Requires-Dist: black>=21.0; extra == "dev"
Requires-Dist: flake8>=3.9; extra == "dev"
Provides-Extra: docs
Requires-Dist: sphinx>=4.0; extra == "docs"
Requires-Dist: sphinx-rtd-theme>=0.5; extra == "docs"
Dynamic: home-page
Dynamic: license-file
Dynamic: requires-python

# UniversalMath 🧮

**The Ultimate Unified Python Mathematics Module**

Version 0.1.1 - Complete coverage with lazy loading

[![Python 3.7+](https://img.shields.io/badge/python-3.7+-blue.svg)](https://www.python.org/downloads/)
[![License: MIT](https://img.shields.io/badge/License-MIT-yellow.svg)](https://opensource.org/licenses/MIT)

---

## 🎯 What is UniversalMath?

UniversalMath is a **comprehensive, unified mathematics module** that combines **ALL functions** from Python's mathematical ecosystem into a single, easy-to-use package.
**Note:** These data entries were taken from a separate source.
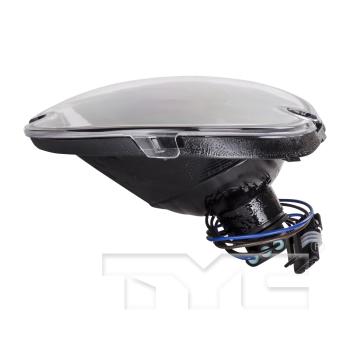 TYC 12525400 - Turn Signal Light Assembly TYC 12525400 Turn Signal / Parking Light Assembly product image 6 of 6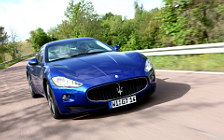 Cars wallpapers Maserati GranTurismo S Automatic - 2009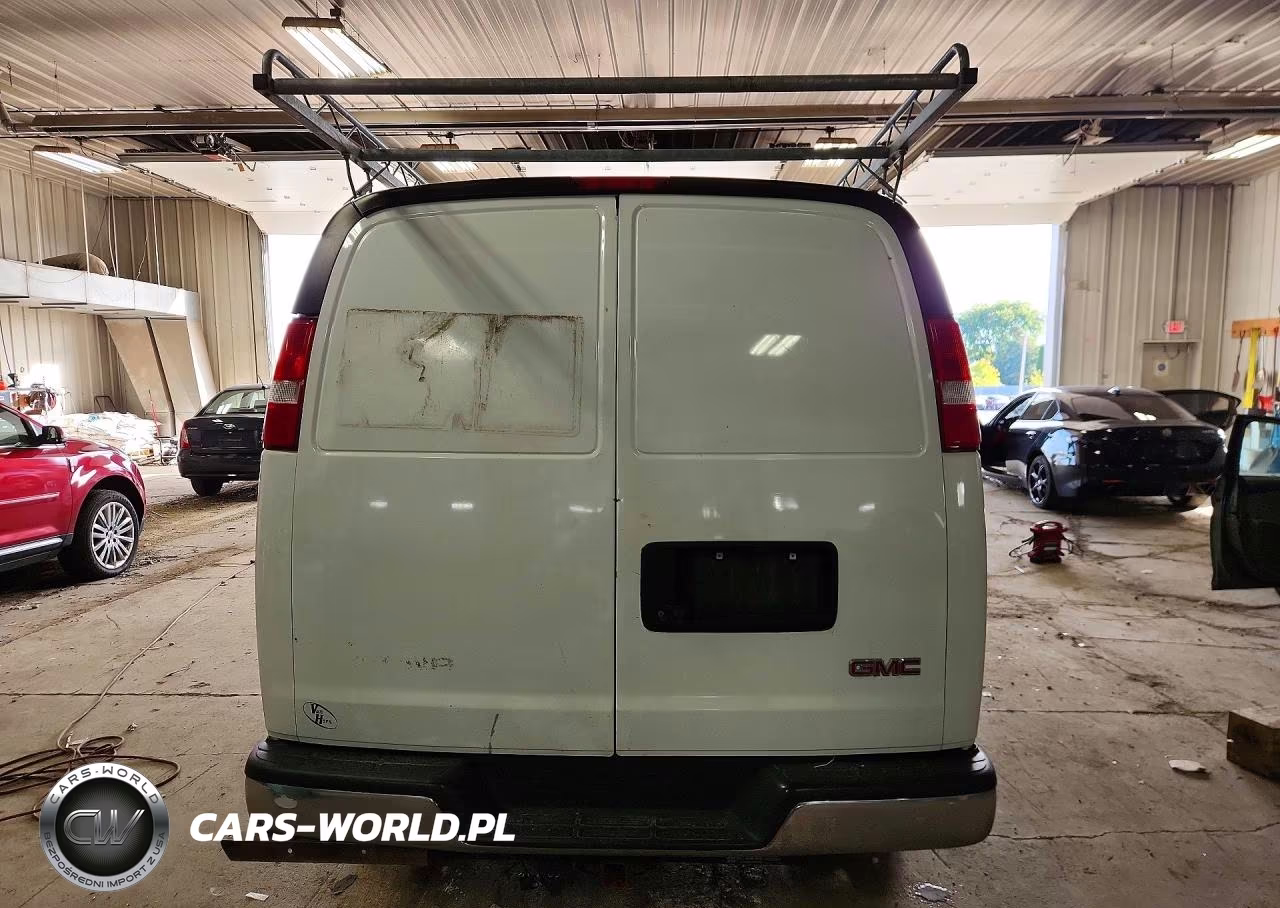 2020 GMC Savana G3500 VIN:1GTZ7HFG8L1214528 - 6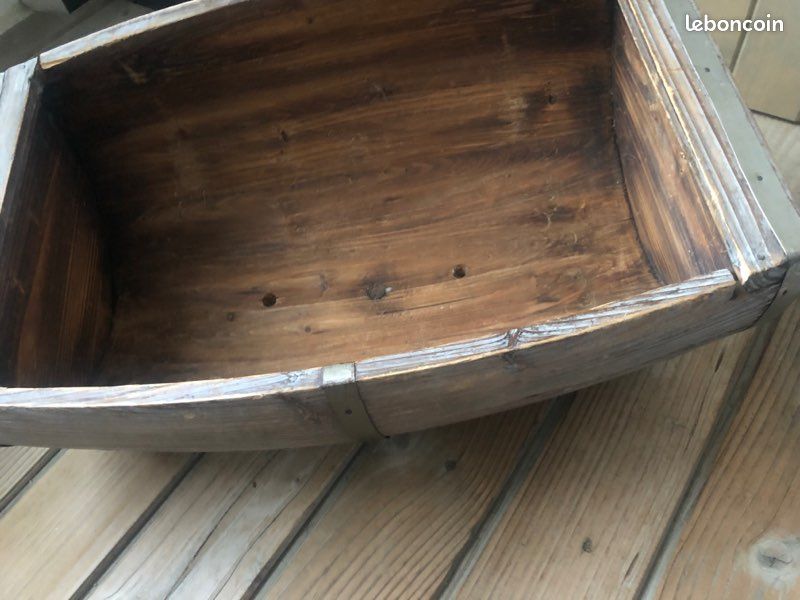 Tonneau en chêne (image 3)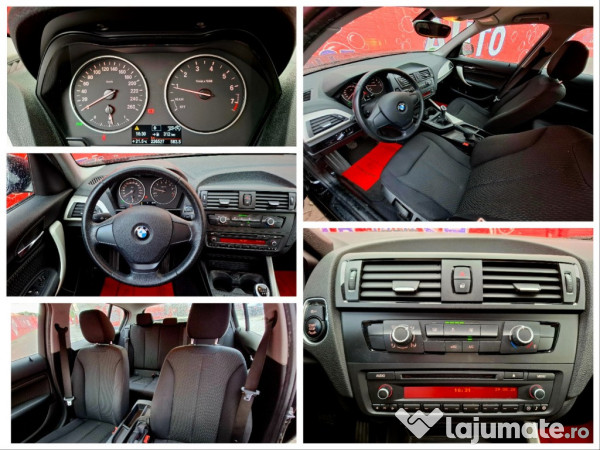 BMW Seria 1 114i - RATE 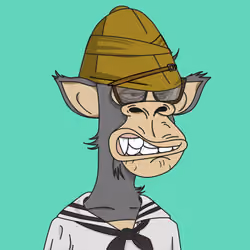 Polygon Ape #3460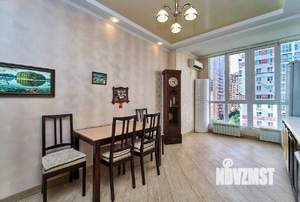 2-к квартира, вторичка, 66м2, 6/16 этаж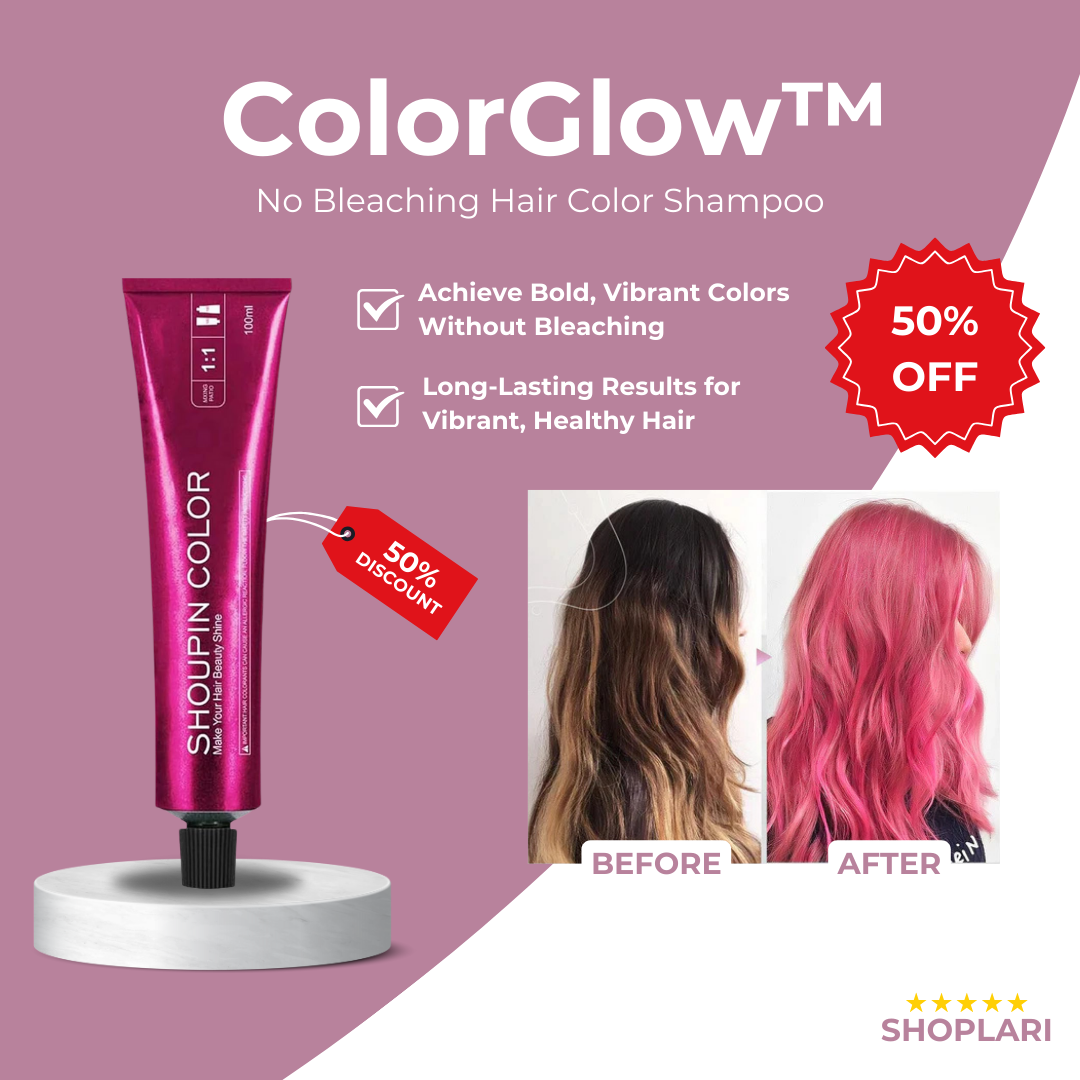 VividLuxe™ — Stunning, Nourished Color That Empowers You to Shine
It features:

- ✅ **3,600+ mathematical functions** from one import
- ✅ **100% coverage** of math, cmath, statistics, decimal, fractions, numpy, scipy, sympy, pandas  
- ✅ **75+ custom utility functions** for everyday math
- ✅ **Lazy loading** - modules imported only when needed  
- ✅ **Legacy support** - works even if some modules aren't installed  
- ✅ **Zero configuration** - just import and use  

---

## 🚀 Quick Start

```python
import universalmath as um

# Standard math - works immediately
um.sqrt(16)                    # 4.0
um.sin(um.pi/2)                # 1.0
um.factorial(5)                # 120

# Statistics
um.mean([1, 2, 3, 4, 5])       # 3.0
um.stdev([1, 2, 3])            # 1.0

# Custom utilities
um.is_prime(17)                # True
um.fibonacci(10)               # [0, 1, 1, 2, 3, 5, 8, 13, 21, 34]
um.lerp(0, 100, 0.5)           # 50.0

# NumPy (auto-loaded when first used)
um.np_array([1, 2, 3])         # array([1, 2, 3])
um.matrix([[1,2],[3,4]])       # 2x2 matrix

# SciPy (auto-loaded when first used)
um.sp_stats_norm.pdf(0)        # 0.3989422804014327
um.sp_optimize_minimize(...)   # Optimization

# Symbolic math (auto-loaded when first used)
x = um.sym_Symbol('x')
um.sym_diff(x**2, x)           # 2*x
```

---

## 📦 Installation

```bash
# Basic installation (standard library only)
pip install -e .

# Full installation (with all optional packages)
pip install -e ".[full]"

# Install specific extras
pip install -e ".[numpy]"      # Just NumPy
pip install -e ".[scipy]"      # NumPy + SciPy
pip install -e ".[symbolic]"   # SymPy for symbolic math
```

---

## ⚡ Key Features

### 1. **Lazy Loading**
Modules are imported **only when you use them**, saving memory and import time:

```python
import universalmath as um  # Instant, no heavy imports

um.sqrt(16)           # Uses built-in math (already loaded)
um.np_array([1,2,3])  # NOW numpy gets imported
um.sym_Symbol('x')    # NOW sympy gets imported
```

### 2. **100% Coverage**
**Every single function** from each module is available:

**Core Modules (188 functions):**
- ✅ **math** (52 functions) - Real number mathematics
- ✅ **cmath** (30 functions) - Complex number mathematics  
- ✅ **statistics** (37 functions) - Statistical analysis
- ✅ **decimal** (3 items) - High-precision arithmetic (Decimal class + rounding modes)
- ✅ **fractions** (1 items) - Rational number arithmetic (Fraction class)
- ✅ **random** (32 functions) - Random number generation (includes classes and constants)
- ✅ **builtins** (5 functions) - Python built-ins (abs, round, min, max, sum, pow, len, sorted, reversed)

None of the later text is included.